Rachel Cusk
Rachel Cusk (born 8 February 1967)[1] is a Canadian-born novelist and writer who lives and works in the United Kingdom.
Childhood and education
Cusk was born in Canada in 1967 and spent much of her early childhood in Los Angeles. She moved to the United Kingdom in 1974. She read English at New College, Oxford.
Career
Cusk has written eight novels and three works of non-fiction. She published her first novel, Saving Agnes, at the age of twenty-six, and its themes of femininity and social satire remained central to her work over the next decade. In responding to the formal problems of the novel representing female experience, she began to work additionally in non-fiction. Her autobiographical accounts of motherhood and divorce (A Life’s Work and Aftermath) were both groundbreaking and controversial.[2][3] She has won and been shortlisted for numerous prizes: her 2014 novel, Outline, was shortlisted for the Folio Prize,[4] the Goldsmiths Prize[5] and the Baileys prize.[6] In 2003, Rachel Cusk was nominated by Granta magazine as one of 20 'Best of Young British Novelists'.[7]
Most recently, after a long period of consideration, she attempted to evolve a new form, one that could represent personal experience while avoiding the politics of subjectivity and literalism and remaining free from narrative convention. That project became a trilogy (Outline, Transit, and Kudos). Outline was one of the New York Times’s top 5 novels of 2015. [8]
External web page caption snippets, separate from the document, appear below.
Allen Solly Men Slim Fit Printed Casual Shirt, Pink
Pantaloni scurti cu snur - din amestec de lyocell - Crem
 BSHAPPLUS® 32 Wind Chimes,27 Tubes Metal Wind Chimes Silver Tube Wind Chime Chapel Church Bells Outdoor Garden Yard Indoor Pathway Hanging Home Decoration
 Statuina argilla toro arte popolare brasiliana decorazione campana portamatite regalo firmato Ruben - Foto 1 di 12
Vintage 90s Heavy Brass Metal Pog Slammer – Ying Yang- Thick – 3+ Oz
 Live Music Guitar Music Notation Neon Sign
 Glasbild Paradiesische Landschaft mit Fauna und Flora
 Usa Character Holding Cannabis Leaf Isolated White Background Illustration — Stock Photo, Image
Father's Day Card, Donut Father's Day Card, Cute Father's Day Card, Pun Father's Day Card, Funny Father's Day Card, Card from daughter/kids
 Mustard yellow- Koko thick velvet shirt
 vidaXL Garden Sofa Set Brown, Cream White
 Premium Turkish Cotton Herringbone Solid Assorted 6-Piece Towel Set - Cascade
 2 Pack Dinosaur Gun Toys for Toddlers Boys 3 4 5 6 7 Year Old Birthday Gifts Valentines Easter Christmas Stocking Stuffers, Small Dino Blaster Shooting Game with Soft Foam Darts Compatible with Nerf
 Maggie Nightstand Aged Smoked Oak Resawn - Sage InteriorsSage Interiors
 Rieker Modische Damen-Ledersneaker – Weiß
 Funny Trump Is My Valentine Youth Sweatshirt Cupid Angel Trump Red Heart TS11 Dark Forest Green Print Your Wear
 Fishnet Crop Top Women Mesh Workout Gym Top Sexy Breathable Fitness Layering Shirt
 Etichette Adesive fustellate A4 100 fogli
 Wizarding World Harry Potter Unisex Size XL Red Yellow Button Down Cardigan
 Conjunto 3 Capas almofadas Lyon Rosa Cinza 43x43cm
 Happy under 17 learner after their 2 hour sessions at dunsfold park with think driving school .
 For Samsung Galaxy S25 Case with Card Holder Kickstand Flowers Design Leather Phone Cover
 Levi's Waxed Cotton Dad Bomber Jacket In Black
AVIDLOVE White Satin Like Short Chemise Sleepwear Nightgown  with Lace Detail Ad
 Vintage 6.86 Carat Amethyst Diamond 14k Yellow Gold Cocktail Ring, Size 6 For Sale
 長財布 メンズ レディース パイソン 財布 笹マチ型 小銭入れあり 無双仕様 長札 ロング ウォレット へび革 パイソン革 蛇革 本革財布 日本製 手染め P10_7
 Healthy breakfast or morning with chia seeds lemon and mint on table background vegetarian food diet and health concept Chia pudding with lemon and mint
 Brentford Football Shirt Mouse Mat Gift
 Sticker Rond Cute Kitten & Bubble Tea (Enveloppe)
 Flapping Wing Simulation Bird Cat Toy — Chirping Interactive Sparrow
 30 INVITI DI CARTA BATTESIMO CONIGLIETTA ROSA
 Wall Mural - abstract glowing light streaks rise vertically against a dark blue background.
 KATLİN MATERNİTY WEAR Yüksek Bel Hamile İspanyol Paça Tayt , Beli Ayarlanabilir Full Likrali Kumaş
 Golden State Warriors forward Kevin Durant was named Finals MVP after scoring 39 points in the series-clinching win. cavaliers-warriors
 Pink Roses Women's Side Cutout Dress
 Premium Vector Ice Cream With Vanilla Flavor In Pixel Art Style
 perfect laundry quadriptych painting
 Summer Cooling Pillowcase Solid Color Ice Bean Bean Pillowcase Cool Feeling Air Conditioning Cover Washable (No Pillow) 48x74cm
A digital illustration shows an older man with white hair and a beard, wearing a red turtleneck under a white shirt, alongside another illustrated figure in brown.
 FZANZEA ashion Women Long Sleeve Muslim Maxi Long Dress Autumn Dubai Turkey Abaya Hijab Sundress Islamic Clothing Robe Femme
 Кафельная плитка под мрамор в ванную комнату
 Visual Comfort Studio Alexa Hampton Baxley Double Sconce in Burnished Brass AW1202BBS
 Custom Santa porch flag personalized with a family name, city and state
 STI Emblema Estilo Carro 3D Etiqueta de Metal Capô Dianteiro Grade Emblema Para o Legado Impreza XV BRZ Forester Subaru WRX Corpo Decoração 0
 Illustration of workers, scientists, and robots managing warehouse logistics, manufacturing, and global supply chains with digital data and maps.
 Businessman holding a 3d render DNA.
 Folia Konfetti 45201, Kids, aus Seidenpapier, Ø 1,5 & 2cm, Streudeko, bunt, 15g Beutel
Reviewing Outline in the New York Times, Heidi Julavits writes: "While the narrator is rarely alone, reading Outline mimics the sensation of being underwater, of being separated from other people by a substance denser than air. But there is nothing blurry or muted about Cusk’s literary vision or her prose: Spend much time with this novel and you’ll become convinced she is one of the smartest writers alive."[9]
Reviewing her novel, Transit, critic Helen Dunmore of The Guardian noted Cusk's "brilliant, insightful prose", adding, "Cusk is now working on a level that makes it very surprising that she has not yet won a major literary prize".[10]
In the New York Times review of Transit, Dwight Garner said the novel offers "transcendental reflections", and that he was waiting more eagerly for Kudos, the last novel of Rachel Cusk's trilogy, than for that of Karl Ove Knausgaard's My Struggle series.[11]
A lengthy profile in the New Yorker says this of Cusk: "Critics have hailed these books, which are the first volumes of a trilogy, as a “reinvention” of the novel, and they are certainly a point of departure for it, one at which fiction merges with oral history. Each witness has suffered and survived a version of the same experience, but uniquely, and the events that are retold don’t build toward a revelation. The structure of the text, a mosaic of fragments, mirrors the unstable nature of memory. It is worth noting that “Outline” was published in 2014, a year before Svetlana Alexievich won the Nobel Prize in Literature. (“Transit” was published two years later.) Alexievich interviews women and men who have lived through cataclysms—the Second World War, Chernobyl, the Soviet gulags—and she distills their testimony into what the Swedish Academy cited as a “history of emotions.” Cusk has been chastised for ignoring politics and social inequities, and the central catastrophe in her fiction is family life. But her imaginary oral histories are exquisitely attuned to the ways in which humans victimize one another."
Reviews of Kudos, the last novel of Cusk's trilogy, have been admiring.[12][13] Writing for The New Yorker, Katy Waldman calls it, "a book about failure that is not, in itself, a failure. In fact, it is a breathtaking success."[14]
Personal life
Cusk is married to the artist Siemon Scamell-Katz. The family live in London and Norfolk with their two daughters.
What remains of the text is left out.